Zilver PTX is made of nitinol, a shape memory metal alloy that will spring back into its original shape under axial, torsional and bending flexibility. Self-expanding stents are used in the SFA because of the need to torque and compress with the vessel.

The addition of the anti-tissue proliferation drug paclitaxel on the Zilver stent has shown promising results in clinical trials in lowering the usually high restenosis rates of SFA lesions.

Polymers used to load drugs and control drug elution on DES have been implicated as the culprit in late-stent thrombosis sometimes seen in coronary stents. Vendors have been researching ways to eliminate polymers, allowing DES to become a bare metal stent following full drug elution into the vessel wall. The Zilver PTX would be the first DES in the United States not to use polymer, which is seen by many interventional experts as the way of the future.

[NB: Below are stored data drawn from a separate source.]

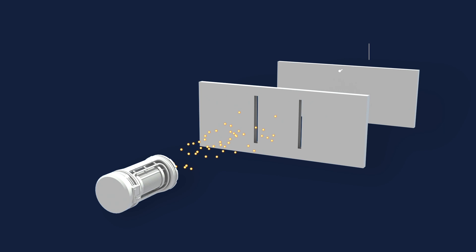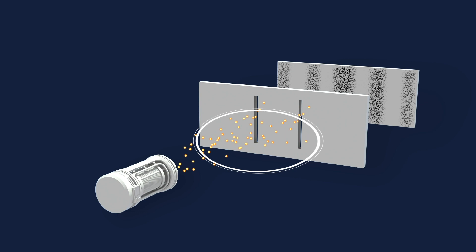When we fire particles without checking which slit an individual particle is going through, we get an interference pattern on the screen. Interference patterns indicate that particles are interacting with themselves just like a wave. This shows that particles have wave-like behavior.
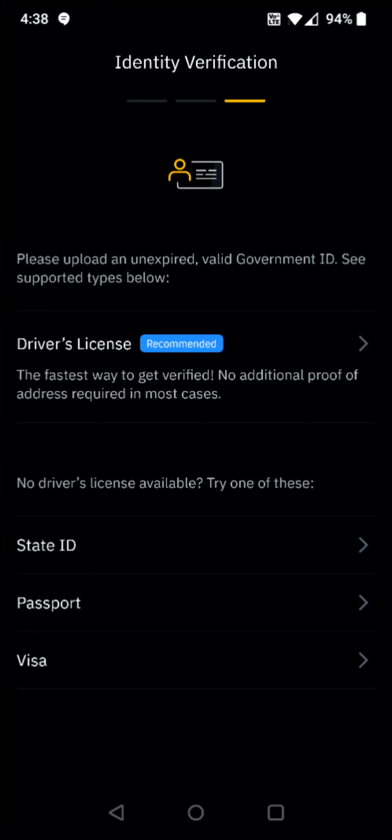And this is where you can upload a valid government ID, whether it's a driver's license. And if you don't have a driver's license, you can do a state ID, a passport or a visa. I'm going to do the driver's license, so I'm going to select that option up here.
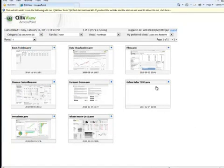As a supervisor, Jane can make sure that the documents were correctly reloaded and are ready for the user community.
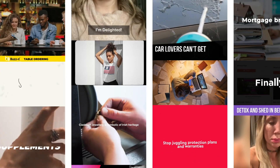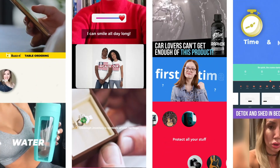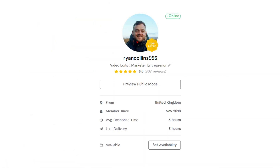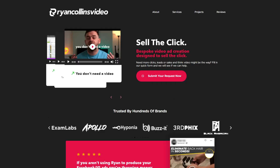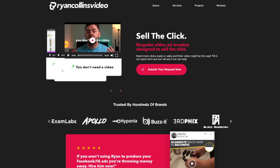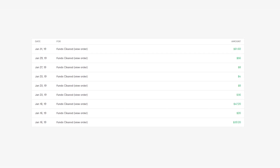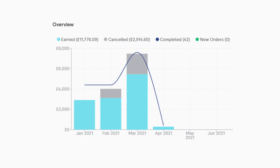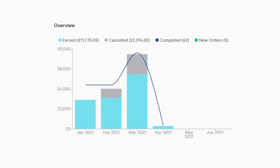Hi guys, I'm Ryan and I'm a social media video ad creator. I've been making social media ads full time for nearly three years. I reached top seller on Fiverr, I've got my own social media video company, and I went from charging $40 a video to upwards of $1,000 for simple videos, and I want to teach you how you can do the same.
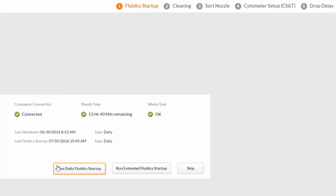The first workflow on the opening screen is Fluidics Startup. There are two choices: Run Daily Fluidics Startup or Run Extended Fluidics Startup. For this demonstration, we will perform a Daily Fluidics Startup.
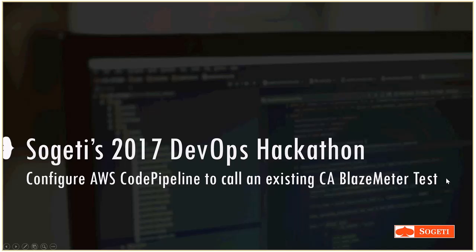Hello all and welcome to Sogeti's 2017 DevOps hackathon. In our discussion today, we will see how to configure AWS CodePipeline to call an existing CA Blazemeter test.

In order to supply as many physicians as possible with this new technology, Cook is making Zilver PTX available initially in 80 mm lengths in 6 mm and 7 mm diameters. The product's indications for use also allow two Zilver PTX 80 mm stents to be overlapped to treat longer lesions up to 140 mm. The FDA approval also includes 40 mm and 60 mm lengths, which will be introduced to the U.S. early in 2013. Cook expects to receive regulatory approval for 120 mm length stents in both diameters next year.

Data from Cook’s pivotal clinical trial indicate:

·         Eight out of ten patients treated with Zilver PTX still had open arteries (primary patency) after one year. That compares to only three out of 10 patients treated with angioplasty alone.

·         Patients who received a bare metal stent required more than twice as many reintervention procedures to reopen the SFA as patients who received Zilver PTX. 

 “After conducting the largest randomized controlled study of peripheral stenting ever undertaken, we now see remarkable results in patients treated with Zilver PTX,” said Michael Dake, M.D., a professor in the Department of Cardiothoracic Surgery at Stanford University School of Medicine and medical director of the cath/angio laboratories at Stanford Medical Center, Palo Alto, Calif.

The stent gained European CE mark approval in 2009.  The device is being introduced to the U.S. market in a five-step process designed to make this technology available to as many patients as possible initially.